The ECIP will encourage low- and moderate-income community financial institutions to augment their efforts to support small businesses and consumers in their communities. Under the program, Treasury will invest up to $9 billion of capital directly in depository institutions that are CDFIs or minority depository institutions (MDIs) to, among other things, provide loans, grants, and forbearance for small businesses, minority-owned businesses, and consumers, especially in low-income and underserved communities, that may be disproportionately impacted by the economic effects of the COVID-19 pandemic. Treasury has conducted extensive outreach to the private sector, including through meetings with CDFIs, minority depository institutions, trade associations, community groups, and civil rights groups. Treasury has also consulted extensively with the federal banking agencies regarding the terms of Treasury’s investments under this program. Based on this input and consultation, Treasury anticipates releasing additional guidance for applicants in the near future.
CDFI Fund Budget
The CDFI Fund currently offers programs to help CDFIs, Community Development Entities, banks, credit unions, and community development organizations generate economic opportunity by increasing access to financial products and services in low-income communities.

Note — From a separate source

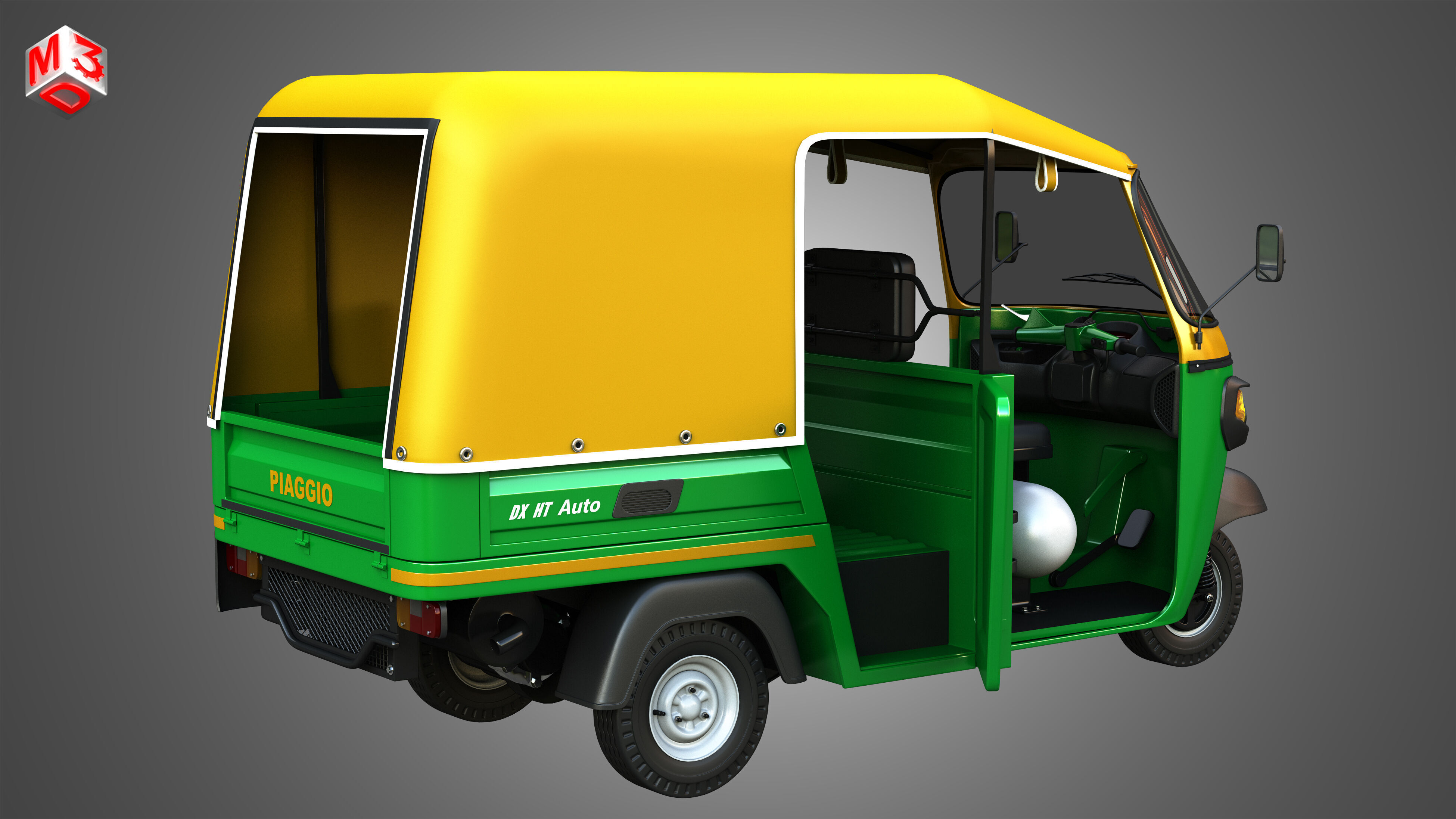 Piaggio Ape Auto HT DX 300cc CNG 3D model_16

In FY 2022 the CDFI Fund requests $330 million broken down as follows:
- $215.4 million for the CDFI Fund’s flagship program, the CDFI Program, which spurs economic growth and increases access to capital in low-income communities;
- $23.0 million for the Healthy Food Financing Initiative, which supports investment in businesses that increase access to healthy and affordable food in low-income communities;
- $21.5 million for the Native American CDFI Assistance Program, targeting support to CDFIs primarily serving Native communities;
- $26.0 million for the Bank Enterprise Award Program, which awards FDIC-insured depository institutions that successfully demonstrate an increase in investment in mission-driven lenders or in their own lending, investing, or service activities in distressed communities;
- $8.5 million for the Small Dollar Loan Program, which enables CDFIs to provide consumers access to mainstream financial institutions and combat high-cost small-dollar lending;
- $2.0 million for the AmeriCorps CDFI Economic Mobility Corps to place national service members at certified CDFIs to strengthen their capacity; and
- $33.6 million for administration of the CDFI Fund, which includes support for the New Markets Tax Credit Program and the CDFI Bond Guarantee Program.
The FY 2022 Budget Request is approximately $60 million above the FY 2021 enacted budget, an increase of 22 percent. The budget includes:
- $50.4 million increase for the CDFI Program (increase of 28.9%);
- $5 million increase for the Native American CDFI Assistance Program (Increase of 30.3%); and
- $4.6 million increase for administration (increase of 15.9%).
The proposed increase in support for the CDFI Program can support larger Financial Assistance awards to increase the loans and financial products offered by CDFI Program award recipients, as well as additional Technical Assistance awards for emerging CDFIs. Additional support for the Native American CDFI Assistance Program can support larger Financial Assistance awards and improving technical assistance and capacity-building for Native CDFIs.
Additionally, we are requesting $500 million in commitment authority and proposing legislation to expand the Capital Magnet Fund as part of the American Jobs Plan.
On behalf of everyone at Treasury and the CDFI Fund, I would like to express our gratitude for the support of this Subcommittee, and I look forward to working with you.